▸ **EXERCISE DETAILS**
Every line containing "today" should be identified and copied from the data below.

▸ **DATA RECORDS**
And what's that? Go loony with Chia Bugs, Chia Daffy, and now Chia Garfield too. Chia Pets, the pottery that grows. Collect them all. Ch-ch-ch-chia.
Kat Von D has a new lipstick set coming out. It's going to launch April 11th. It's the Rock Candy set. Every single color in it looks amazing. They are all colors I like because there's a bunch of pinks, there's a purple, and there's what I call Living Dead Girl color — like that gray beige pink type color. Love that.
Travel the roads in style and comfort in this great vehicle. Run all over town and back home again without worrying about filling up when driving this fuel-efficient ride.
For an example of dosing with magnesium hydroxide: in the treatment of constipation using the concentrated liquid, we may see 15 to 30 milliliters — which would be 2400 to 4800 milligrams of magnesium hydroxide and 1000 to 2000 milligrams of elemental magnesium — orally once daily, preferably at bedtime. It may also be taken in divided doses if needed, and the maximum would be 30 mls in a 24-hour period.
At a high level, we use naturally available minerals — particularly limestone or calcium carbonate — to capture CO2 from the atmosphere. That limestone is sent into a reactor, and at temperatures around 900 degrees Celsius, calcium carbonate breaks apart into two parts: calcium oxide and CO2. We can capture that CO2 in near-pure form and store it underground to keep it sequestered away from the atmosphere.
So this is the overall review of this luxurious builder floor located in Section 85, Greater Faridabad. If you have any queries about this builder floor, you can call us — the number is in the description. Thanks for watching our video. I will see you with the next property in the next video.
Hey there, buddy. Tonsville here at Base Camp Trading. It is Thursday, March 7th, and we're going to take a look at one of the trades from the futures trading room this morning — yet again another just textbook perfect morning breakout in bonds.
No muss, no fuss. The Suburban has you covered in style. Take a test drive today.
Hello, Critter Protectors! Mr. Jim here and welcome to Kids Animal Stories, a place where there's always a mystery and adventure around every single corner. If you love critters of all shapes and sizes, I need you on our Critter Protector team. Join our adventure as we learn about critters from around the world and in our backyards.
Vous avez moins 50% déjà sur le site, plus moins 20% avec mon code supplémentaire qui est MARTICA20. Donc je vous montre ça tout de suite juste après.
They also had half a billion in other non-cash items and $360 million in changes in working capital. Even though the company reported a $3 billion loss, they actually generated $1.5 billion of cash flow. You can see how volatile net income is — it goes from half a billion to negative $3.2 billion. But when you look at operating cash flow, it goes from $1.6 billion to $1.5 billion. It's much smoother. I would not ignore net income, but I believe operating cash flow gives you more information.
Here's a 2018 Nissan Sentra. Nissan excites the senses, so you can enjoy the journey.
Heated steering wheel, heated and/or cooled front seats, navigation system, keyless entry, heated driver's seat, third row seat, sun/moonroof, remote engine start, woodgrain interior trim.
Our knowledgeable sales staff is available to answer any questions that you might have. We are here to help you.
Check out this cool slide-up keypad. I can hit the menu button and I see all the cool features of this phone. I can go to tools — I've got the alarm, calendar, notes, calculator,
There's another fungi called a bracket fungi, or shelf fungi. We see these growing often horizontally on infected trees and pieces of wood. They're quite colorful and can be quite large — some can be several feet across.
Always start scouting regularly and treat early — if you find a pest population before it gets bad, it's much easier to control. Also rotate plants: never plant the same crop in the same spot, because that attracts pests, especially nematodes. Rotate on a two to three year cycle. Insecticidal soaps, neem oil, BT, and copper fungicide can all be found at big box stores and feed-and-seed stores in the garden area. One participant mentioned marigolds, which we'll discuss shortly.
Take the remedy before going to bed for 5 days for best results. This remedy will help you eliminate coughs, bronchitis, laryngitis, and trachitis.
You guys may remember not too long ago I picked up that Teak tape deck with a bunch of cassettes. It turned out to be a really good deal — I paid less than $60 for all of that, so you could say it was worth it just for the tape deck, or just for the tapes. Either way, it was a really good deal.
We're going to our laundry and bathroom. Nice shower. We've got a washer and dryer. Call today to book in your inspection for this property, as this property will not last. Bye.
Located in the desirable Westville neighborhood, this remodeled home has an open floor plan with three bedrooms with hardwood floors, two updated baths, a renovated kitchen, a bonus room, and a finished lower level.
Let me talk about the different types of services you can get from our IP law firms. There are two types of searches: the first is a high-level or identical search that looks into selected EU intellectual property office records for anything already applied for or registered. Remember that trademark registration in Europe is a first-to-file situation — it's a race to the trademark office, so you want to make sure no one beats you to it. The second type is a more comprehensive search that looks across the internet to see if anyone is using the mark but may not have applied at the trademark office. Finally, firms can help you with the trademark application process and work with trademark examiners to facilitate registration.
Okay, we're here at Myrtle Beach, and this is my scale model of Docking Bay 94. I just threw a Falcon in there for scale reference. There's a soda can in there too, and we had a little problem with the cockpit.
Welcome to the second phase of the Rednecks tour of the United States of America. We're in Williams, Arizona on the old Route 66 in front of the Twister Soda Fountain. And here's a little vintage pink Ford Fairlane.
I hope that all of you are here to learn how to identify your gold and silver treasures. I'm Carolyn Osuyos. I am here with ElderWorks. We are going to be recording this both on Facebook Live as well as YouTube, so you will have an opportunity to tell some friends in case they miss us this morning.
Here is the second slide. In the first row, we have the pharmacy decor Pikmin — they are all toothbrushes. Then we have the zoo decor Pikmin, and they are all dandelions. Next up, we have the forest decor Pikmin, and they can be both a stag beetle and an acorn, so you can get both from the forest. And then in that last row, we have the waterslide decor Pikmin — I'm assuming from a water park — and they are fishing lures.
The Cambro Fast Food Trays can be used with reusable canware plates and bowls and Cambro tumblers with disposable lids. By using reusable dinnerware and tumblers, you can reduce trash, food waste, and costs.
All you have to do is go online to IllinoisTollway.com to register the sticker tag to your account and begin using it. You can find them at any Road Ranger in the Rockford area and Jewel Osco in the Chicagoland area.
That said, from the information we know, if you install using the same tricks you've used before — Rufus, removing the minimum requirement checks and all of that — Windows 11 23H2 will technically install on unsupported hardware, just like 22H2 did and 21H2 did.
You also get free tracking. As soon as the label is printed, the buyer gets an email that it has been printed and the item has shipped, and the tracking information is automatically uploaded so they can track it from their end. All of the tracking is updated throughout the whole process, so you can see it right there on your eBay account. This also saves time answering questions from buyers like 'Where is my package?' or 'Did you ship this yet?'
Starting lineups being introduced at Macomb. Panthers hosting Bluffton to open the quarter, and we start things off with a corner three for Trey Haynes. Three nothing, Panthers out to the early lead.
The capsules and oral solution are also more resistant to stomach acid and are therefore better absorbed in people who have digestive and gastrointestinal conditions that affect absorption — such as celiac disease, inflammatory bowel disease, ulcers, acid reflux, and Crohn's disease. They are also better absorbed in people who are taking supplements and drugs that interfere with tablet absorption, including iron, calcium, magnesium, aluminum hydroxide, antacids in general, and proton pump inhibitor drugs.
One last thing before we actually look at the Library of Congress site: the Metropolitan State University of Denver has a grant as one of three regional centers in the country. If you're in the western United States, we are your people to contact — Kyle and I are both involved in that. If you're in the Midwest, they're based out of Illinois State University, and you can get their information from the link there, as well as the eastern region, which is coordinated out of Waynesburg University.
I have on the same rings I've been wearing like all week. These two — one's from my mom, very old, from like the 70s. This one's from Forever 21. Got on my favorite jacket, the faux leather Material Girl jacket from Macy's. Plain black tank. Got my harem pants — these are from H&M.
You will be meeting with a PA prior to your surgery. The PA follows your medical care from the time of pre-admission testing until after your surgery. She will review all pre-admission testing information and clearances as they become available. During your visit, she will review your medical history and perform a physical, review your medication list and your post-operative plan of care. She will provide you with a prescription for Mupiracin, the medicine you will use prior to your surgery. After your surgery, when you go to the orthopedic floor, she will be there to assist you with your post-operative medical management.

▸ **TASK ANSWER**
No muss, no fuss. The Suburban has you covered in style. Take a test drive today.
We're going to our laundry and bathroom. Nice shower. We've got a washer and dryer. Call today to book in your inspection for this property, as this property will not last. Bye.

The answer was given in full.